Task goal ▸
The lines below starting at the line containing "Disneyland nr. 24, 1973, bilde 2" and ending at the line containing "The Circumstances of" are to be repeated exactly, with both ends kept and nothing else added.
Extracted information Block Start
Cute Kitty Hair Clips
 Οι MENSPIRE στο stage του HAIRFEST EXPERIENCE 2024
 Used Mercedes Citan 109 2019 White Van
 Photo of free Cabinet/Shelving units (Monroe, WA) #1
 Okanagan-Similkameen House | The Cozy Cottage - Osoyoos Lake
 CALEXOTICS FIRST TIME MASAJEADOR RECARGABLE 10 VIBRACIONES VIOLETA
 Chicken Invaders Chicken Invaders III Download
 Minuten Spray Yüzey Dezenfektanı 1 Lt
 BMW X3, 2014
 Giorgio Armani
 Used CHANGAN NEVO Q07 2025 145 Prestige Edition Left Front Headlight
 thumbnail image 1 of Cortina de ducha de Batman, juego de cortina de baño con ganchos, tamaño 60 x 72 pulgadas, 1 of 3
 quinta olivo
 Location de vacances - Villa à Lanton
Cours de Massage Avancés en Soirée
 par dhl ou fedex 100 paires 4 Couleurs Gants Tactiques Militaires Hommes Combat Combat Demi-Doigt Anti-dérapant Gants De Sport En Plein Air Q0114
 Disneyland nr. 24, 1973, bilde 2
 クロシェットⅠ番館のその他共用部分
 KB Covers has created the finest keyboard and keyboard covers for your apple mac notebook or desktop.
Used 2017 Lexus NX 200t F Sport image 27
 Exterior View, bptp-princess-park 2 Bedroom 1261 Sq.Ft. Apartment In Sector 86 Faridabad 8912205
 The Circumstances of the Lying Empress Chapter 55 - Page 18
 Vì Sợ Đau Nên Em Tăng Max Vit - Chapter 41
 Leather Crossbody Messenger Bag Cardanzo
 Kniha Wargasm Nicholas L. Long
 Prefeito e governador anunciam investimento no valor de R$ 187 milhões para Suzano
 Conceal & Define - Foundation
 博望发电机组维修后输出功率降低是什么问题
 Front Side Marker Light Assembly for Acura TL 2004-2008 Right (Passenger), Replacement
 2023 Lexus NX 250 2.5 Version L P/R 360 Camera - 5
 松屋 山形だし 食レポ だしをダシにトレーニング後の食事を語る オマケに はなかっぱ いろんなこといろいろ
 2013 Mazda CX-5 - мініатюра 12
Extracted information Block End
Written response ▸
 Disneyland nr. 24, 1973, bilde 2
 クロシェットⅠ番館のその他共用部分
 KB Covers has created the finest keyboard and keyboard covers for your apple mac notebook or desktop.
Used 2017 Lexus NX 200t F Sport image 27
 Exterior View, bptp-princess-park 2 Bedroom 1261 Sq.Ft. Apartment In Sector 86 Faridabad 8912205
 The Circumstances of the Lying Empress Chapter 55 - Page 18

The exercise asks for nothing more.